Requirement: Set down, unchanged, the line holding "Lolliepop door Marion Pauw" and all lines that follow it to the end of the material, leaving pictures out.
● ● ● ● ●
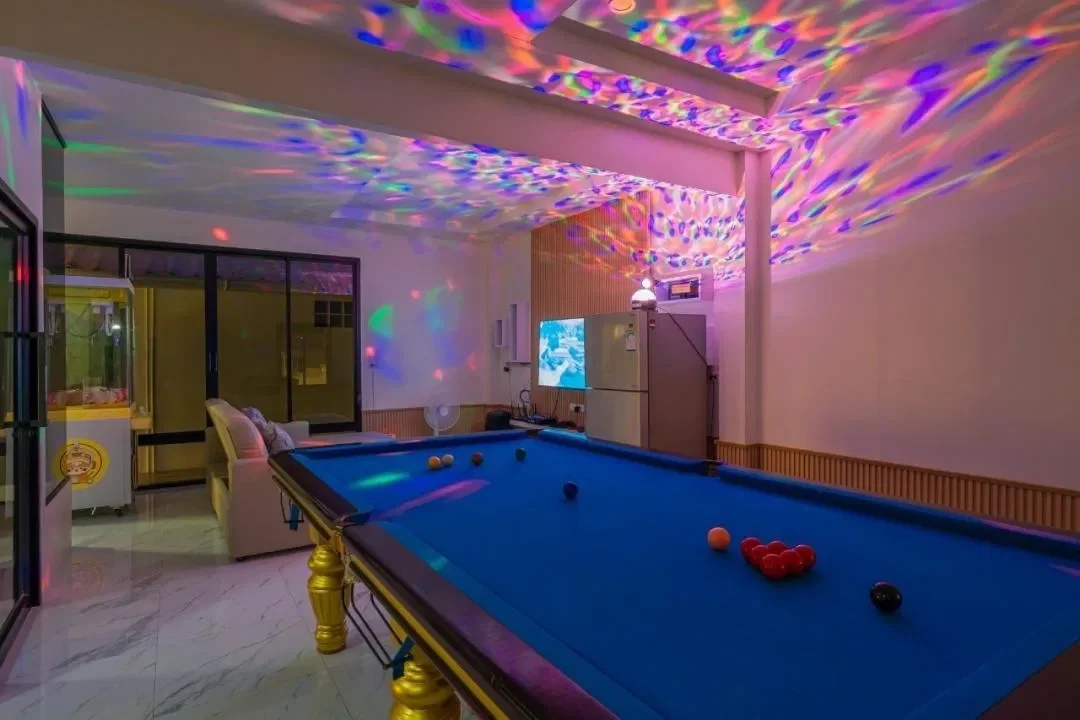 Alisa Garden&Pool รูปที่ 28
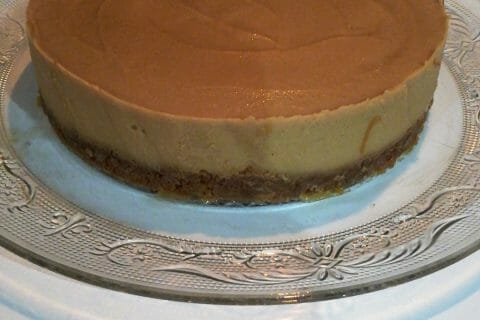 Cliquez pour zoomer ! Crémeux pommes spéculoos Thermomix par Steph.Elsa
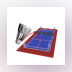 Badminton Board 3D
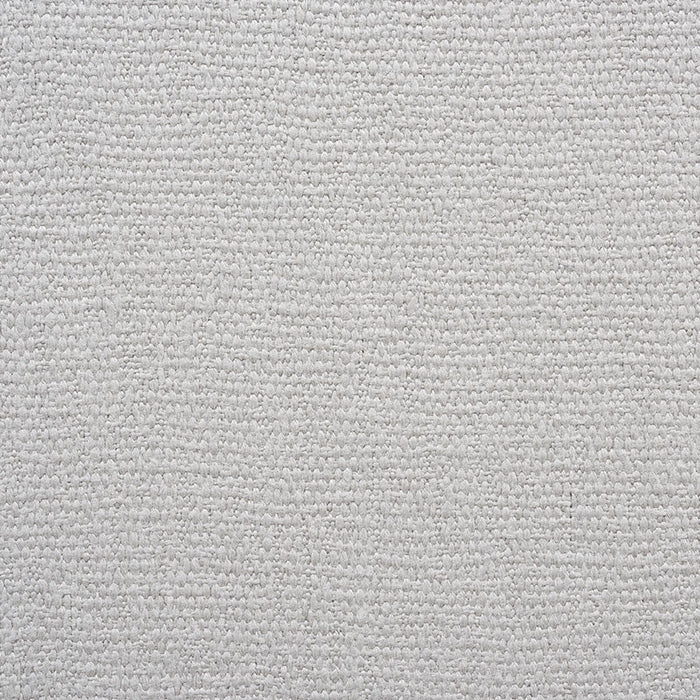 Schumacher Finn Heavyweight Linen Dove Fabric Sample 75675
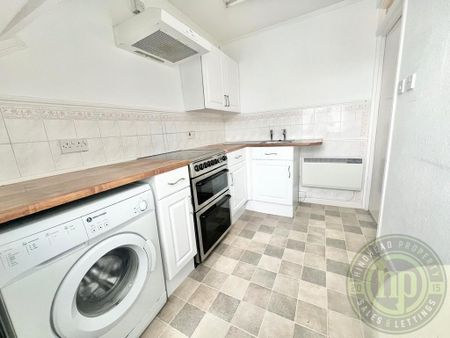 1 bedroom apartment to rent - Photo 4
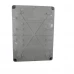 Caixa De Passagem Light Ex-231 234X174X90 S/ Embutir Ip55 Steck SEX231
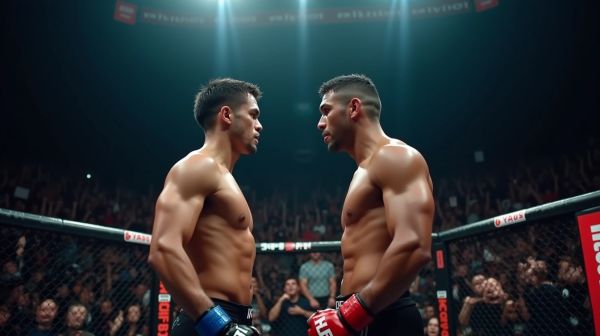 MMA fighters: a deep dive into career paths and achievements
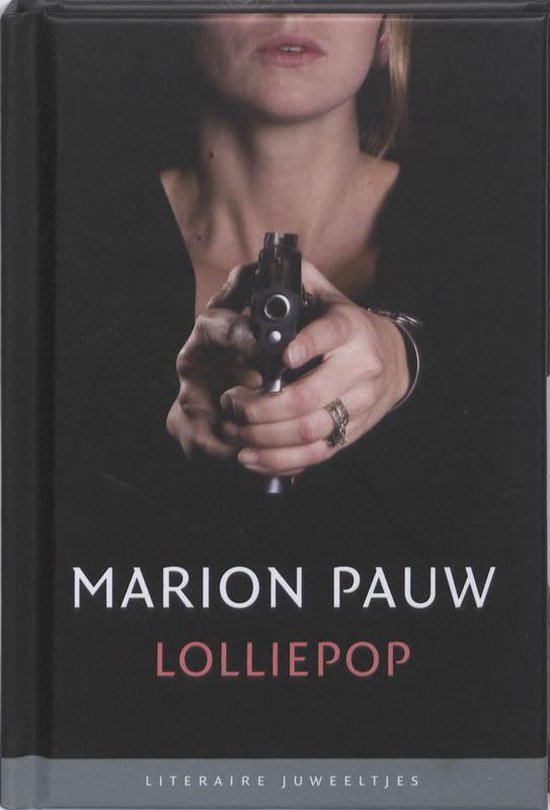 Lolliepop door Marion Pauw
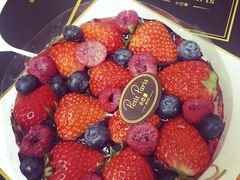 -PETIT PARIS 小巴黎(凯德1818店)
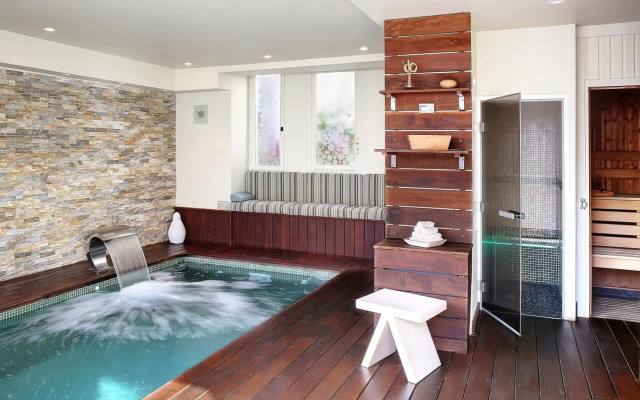 Hotel Le Dauphin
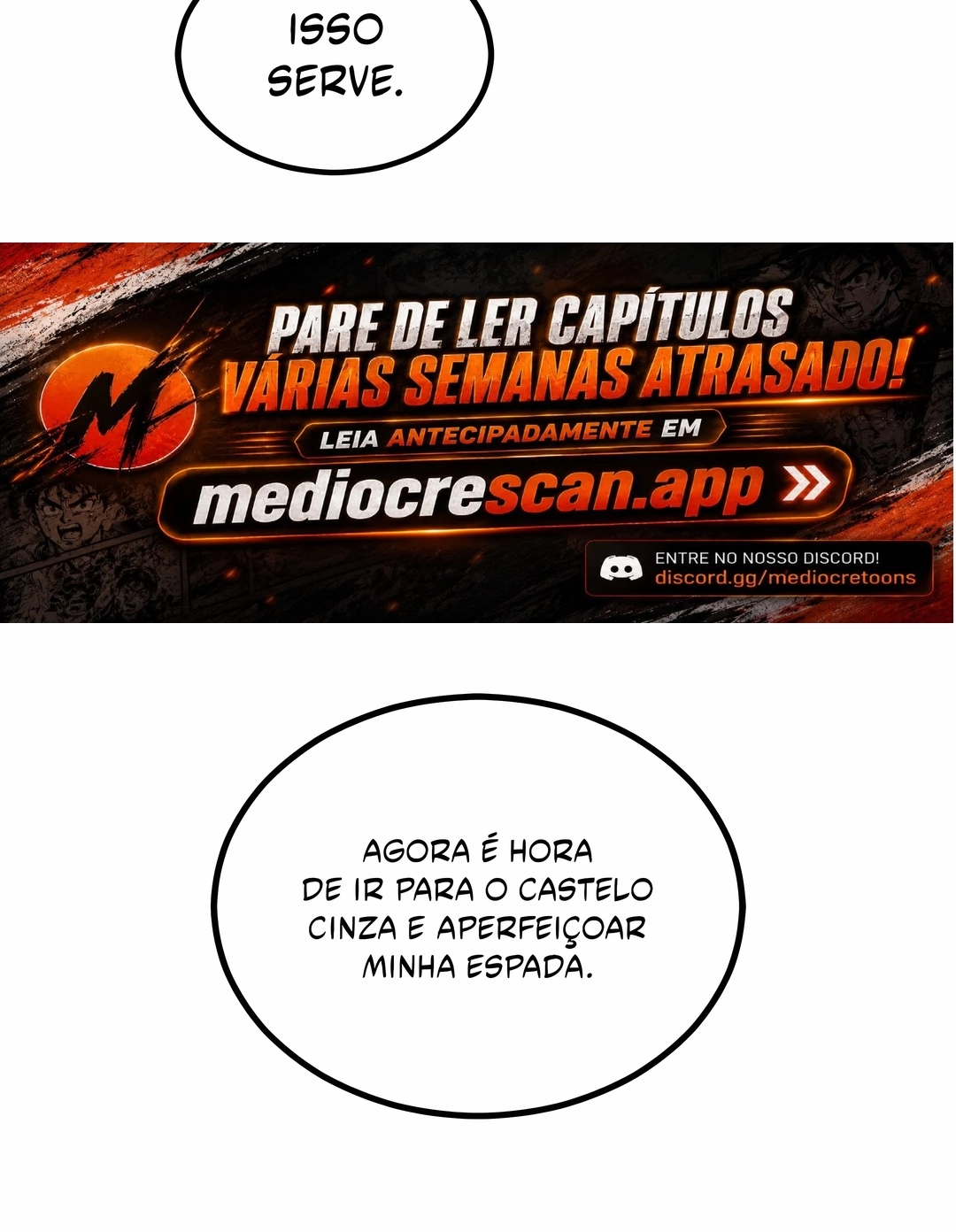 Assassina de Heróis Capítulo 122 Página 14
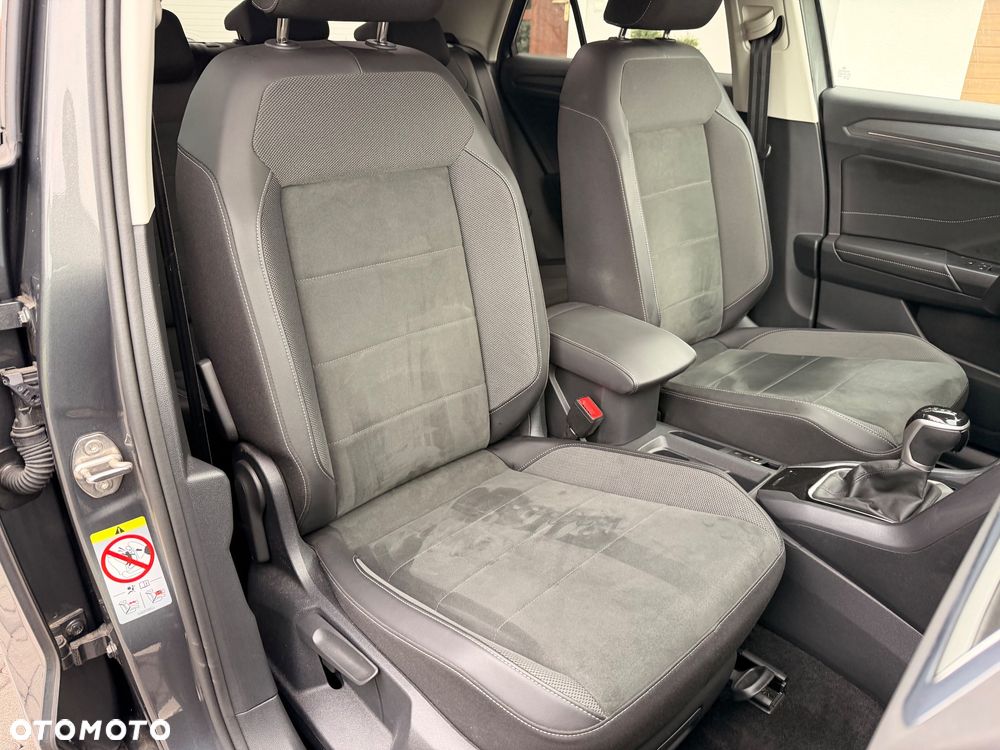 Volkswagen T-Roc 1.5 TSI OPF DSG Style - 20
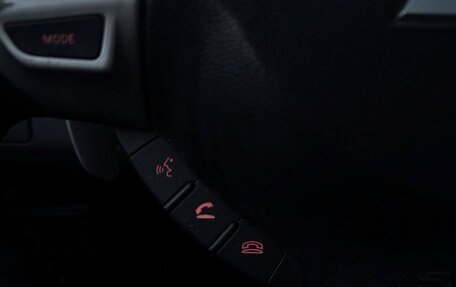 Mitsubishi Outlander III рестайлинг 3, 2008 год, 855 000 рублей, 22 фотография
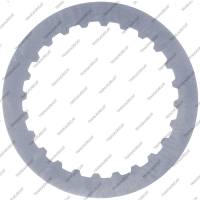 Фрикционный диск (130x1.6x24T) Forward (односторонний, внутренние зубья)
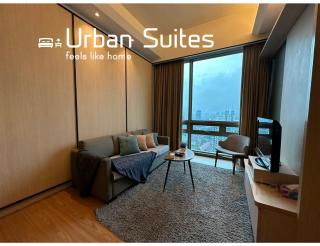 Urban Suites @ Swiss Garden Residence - Kuala Lumpur - 3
● ● ● ● ●
Response area:
 Lolliepop door Marion Pauw
 -PETIT PARIS 小巴黎(凯德1818店)
 Hotel Le Dauphin
 Assassina de Heróis Capítulo 122 Página 14
 Volkswagen T-Roc 1.5 TSI OPF DSG Style - 20
 Mitsubishi Outlander III рестайлинг 3, 2008 год, 855 000 рублей, 22 фотография
 Фрикционный диск (130x1.6x24T) Forward (односторонний, внутренние зубья)
 Urban Suites @ Swiss Garden Residence - Kuala Lumpur - 3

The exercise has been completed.